Can you directly spray the hay preservative on the windrow right before baling?


----------



## NDVA HAYMAN (Nov 24, 2009)

Bill, Welcome to Haytalk. I have never heard of anyone doing that before. It would be much better to apply as it is being baled so that you can get good coverage on all of the hay and not just the hay laying on top of the windrow. JMHO Mike


----------



## Mike120 (May 4, 2009)

Mike is right, and I remember this being discussed a few years ago, but not the details. Do a search on "preservatives" and you might find it. In theory, nozzles added to a "windrow fluffer" like the Vermeer tedder/rake that I have sitting out in the back could do it and probably get good coverage, but I suspect you would use considerably more preservative and the stuff is expensive.


----------



## somedevildawg (Jun 20, 2011)

Bill Becker said:


> Can you directly spray the hay preservative on the windrow right before baling?


Why? In what application would it be more cost efficient than directly before it goes into the baler?


----------



## cdhayman (Jan 25, 2011)

There is actually a product that you spray on the hay as you cut it. It's out of idaho I think. I had a buddy up there that used it. He said it would knock a day off of drying, and give a feed value boost.


----------



## hay wilson in TX (Jan 28, 2009)

*You Can*, but it may not work for you.

Need to spray the hay from the push bar on a mower conditioner. Need 30 gallons per acre. Maybe more for a large yielding cutting.

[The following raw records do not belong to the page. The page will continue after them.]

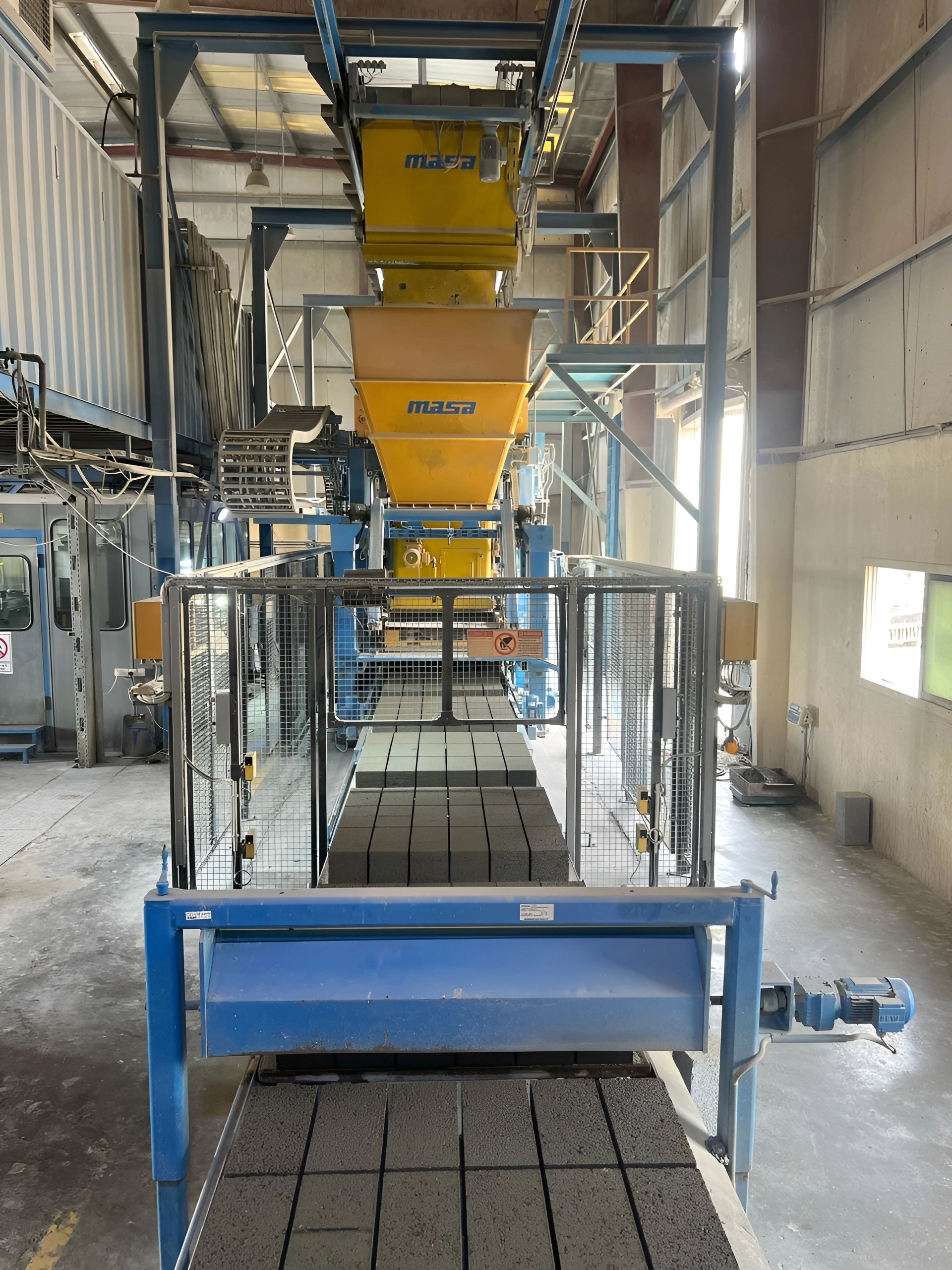 MASA block manufacturing machine inside factory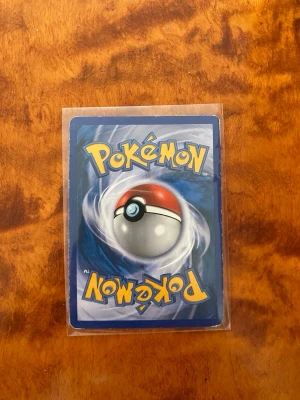 MintPikachu #7 Pokémon Rumble Promo (English) - Near - Säljer ett samlarkort från Pokémon Rumble-serien med Pikachu på framsidan. Kortet är guldfärgat med färgglad illustration och text, samt detaljer om attacken Volt Tackle. Kortet är tillverkat i papper och plast och ligger i ett skyddande plastfodral.
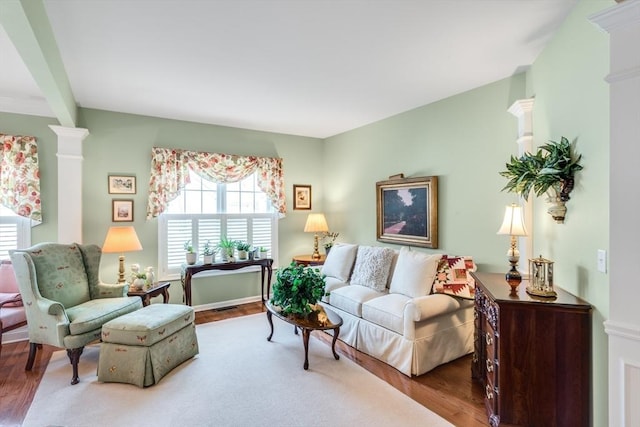 29 Shinglewood, Plymouth, MA 02360 - living area featuring wood finished floors and ornate columns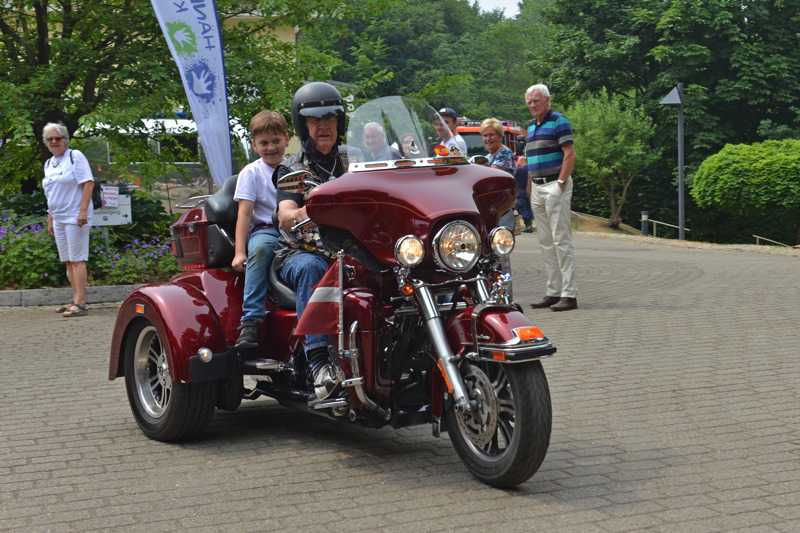 Ein rotes Dreirad-Motorrad mit einem Fahrer und einem Kind als Beifahrer auf einem Weg.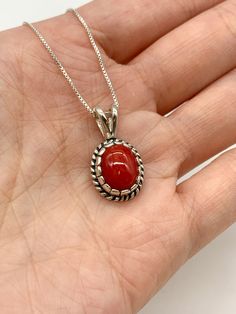 Red Coral Necklace set with a Natural Red Coral in a top grade & strong red color, at 10x8mm, 3 Cts, from Sardinia. Solid 925 Sterling Silver ☞ made to last.Matching Ring & Matching Earrings: Please ask meDetails: • Natural Red Coral sourced from Sardinia• Red Coral: 10x8mm, 3 Cts, diamond cut• Dimensions: Pendant Height 19.6mm, Width 9.2mm• Free Complimentary Chain• Solid 925 Sterling Silver ❀ Each Natural Gem is unique & will have Slight variations from the product pictures "no two Natural Sto Classic Red Jewelry As A Gift, Classic Red Gemstone Jewelry, Classic Red Pendant Necklace, Handmade Red Oval Necklace, Classic Red Round Jewelry, Elegant Red Jewelry With Cabochon, Elegant Red Cabochon Jewelry, Classic Red Necklaces For Anniversary, Classic Red Hallmarked Necklace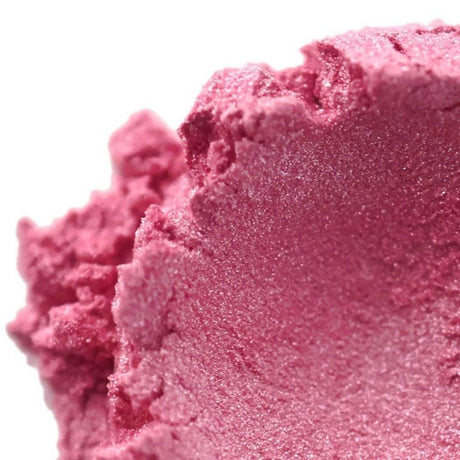 Close-up of pink handmade cosmetic product with a smooth, creamy texture showing fine details of its surface. Nurture Handmade beauty item.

Works on alfalfa only, not a grass mixed stand.

Laying your hay out in a swath wide enough to cover 80% of the ground will speed the drying more than spraying Potassium Carbonate on the hay.

Yes it works as advertised. Just remember there are better options. Figure how to drag a Tedder directly behind your MoCo, or bolt fins on the deflector behind the conditioner to spread the hay. Do not be aftaid of a tractor tire running over down hay.

New NH Disk bines, or it's cousins,will do the same for you. My OLD NH 411 has been modified and it works.


----------



## hay wilson in TX (Jan 28, 2009)

NDVA the two solutions are different. One is a drying agent and the other is a preservative.


----------



## SVFHAY (Dec 5, 2008)

NDVA HAYMAN said:


> Bill, Welcome to Haytalk. I have never heard of anyone doing that before. It would be much better to apply as it is being baled so that you can get good coverage on all of the hay and not just the hay laying on top of the windrow. JMHO Mike


our mutual friend and your neighbor, Mr. Smith tried this very concept a few years back. He applied preservative and some special type of sprayable molasses and possibly some additional green dye on top of windrow. The nozzles were mounted on a twin rotary rake along with a sizable tank.

He was going to be the only rake operator so he could oversee application and keep the process out of baler operators hands as he ran from 3 to 7 balers. Aside from having better control of the deal he also didn't have cost of multiple applicators.

It was not a success, or at least that's what he told me after the first season. I forget the exact reason but I would think volitzation might be one. You have to give him credit for not only thinking outside the box but also actually doing it.


----------